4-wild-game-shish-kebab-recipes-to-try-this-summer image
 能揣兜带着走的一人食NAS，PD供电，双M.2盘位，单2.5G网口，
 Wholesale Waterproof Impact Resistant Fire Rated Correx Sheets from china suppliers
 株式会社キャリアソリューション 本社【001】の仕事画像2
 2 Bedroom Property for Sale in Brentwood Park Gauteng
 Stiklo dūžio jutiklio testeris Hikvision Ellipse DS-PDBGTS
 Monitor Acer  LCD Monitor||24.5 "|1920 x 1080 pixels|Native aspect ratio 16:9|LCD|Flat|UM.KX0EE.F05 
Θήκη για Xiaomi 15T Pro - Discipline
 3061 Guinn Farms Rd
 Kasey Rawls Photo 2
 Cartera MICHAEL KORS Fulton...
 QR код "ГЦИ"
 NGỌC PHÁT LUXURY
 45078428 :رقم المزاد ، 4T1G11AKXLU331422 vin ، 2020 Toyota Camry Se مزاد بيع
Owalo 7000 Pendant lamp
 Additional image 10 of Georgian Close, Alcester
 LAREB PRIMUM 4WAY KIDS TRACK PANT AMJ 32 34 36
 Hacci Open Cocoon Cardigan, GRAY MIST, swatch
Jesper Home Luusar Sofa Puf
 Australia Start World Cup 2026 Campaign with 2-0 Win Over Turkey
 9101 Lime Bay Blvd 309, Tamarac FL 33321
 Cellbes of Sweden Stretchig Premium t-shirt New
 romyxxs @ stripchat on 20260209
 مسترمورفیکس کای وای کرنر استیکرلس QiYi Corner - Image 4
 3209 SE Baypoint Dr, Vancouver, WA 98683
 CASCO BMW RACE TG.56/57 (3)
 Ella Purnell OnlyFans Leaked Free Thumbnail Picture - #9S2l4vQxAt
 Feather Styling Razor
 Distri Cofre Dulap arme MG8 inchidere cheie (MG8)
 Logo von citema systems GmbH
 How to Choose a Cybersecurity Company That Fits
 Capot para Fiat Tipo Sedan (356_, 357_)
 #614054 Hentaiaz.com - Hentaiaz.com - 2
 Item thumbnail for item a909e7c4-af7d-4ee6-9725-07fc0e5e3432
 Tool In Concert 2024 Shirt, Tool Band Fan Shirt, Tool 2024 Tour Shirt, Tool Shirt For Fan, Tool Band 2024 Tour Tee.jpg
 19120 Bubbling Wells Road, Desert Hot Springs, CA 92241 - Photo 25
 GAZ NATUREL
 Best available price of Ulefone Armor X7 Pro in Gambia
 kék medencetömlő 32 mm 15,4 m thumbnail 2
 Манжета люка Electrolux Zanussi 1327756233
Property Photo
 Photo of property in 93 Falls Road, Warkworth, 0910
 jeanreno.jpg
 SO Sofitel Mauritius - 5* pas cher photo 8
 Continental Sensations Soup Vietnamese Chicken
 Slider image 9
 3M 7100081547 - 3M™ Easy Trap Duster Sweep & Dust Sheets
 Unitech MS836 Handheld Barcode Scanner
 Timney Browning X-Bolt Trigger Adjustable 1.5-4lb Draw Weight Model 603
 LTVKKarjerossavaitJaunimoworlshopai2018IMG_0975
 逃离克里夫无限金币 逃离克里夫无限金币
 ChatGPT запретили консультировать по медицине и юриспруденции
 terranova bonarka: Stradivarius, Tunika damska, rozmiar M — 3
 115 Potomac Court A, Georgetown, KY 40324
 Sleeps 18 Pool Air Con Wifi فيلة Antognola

○ ○ ○ ○

**EXERCISE GOAL**
Would you copy, word for word, only the lines from the start of the listing to the one that contains "Kasey Rawls Photo 2", both included?

**RESPONSE BOX**
4-wild-game-shish-kebab-recipes-to-try-this-summer image
 能揣兜带着走的一人食NAS，PD供电，双M.2盘位，单2.5G网口，
 Wholesale Waterproof Impact Resistant Fire Rated Correx Sheets from china suppliers
 株式会社キャリアソリューション 本社【001】の仕事画像2
 2 Bedroom Property for Sale in Brentwood Park Gauteng
 Stiklo dūžio jutiklio testeris Hikvision Ellipse DS-PDBGTS
 Monitor Acer  LCD Monitor||24.5 "|1920 x 1080 pixels|Native aspect ratio 16:9|LCD|Flat|UM.KX0EE.F05 
Θήκη για Xiaomi 15T Pro - Discipline
 3061 Guinn Farms Rd
 Kasey Rawls Photo 2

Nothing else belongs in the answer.